++++ Exercise materials

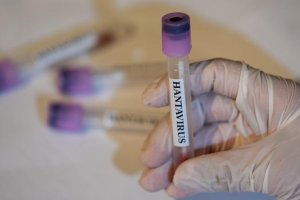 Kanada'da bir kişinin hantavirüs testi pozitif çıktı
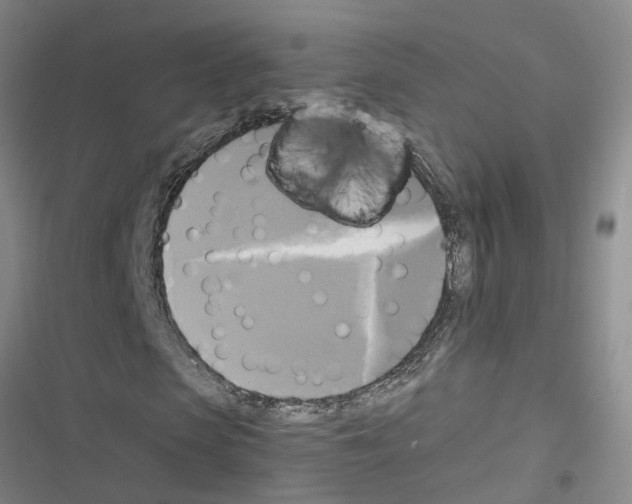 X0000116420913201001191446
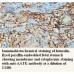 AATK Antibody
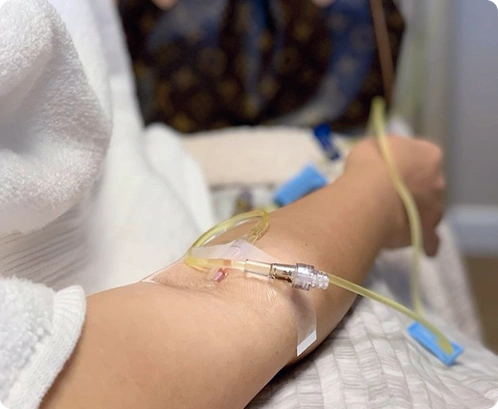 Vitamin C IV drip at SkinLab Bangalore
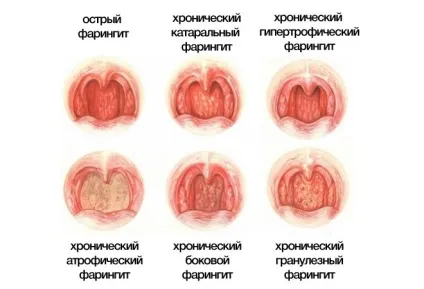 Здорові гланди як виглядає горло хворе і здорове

++++++++

The records are to be returned word for word, without any of their pictures.

**Result of this exercise**:
 Kanada'da bir kişinin hantavirüs testi pozitif çıktı
 X0000116420913201001191446
 AATK Antibody
 Vitamin C IV drip at SkinLab Bangalore
 Здорові гланди як виглядає горло хворе і здорове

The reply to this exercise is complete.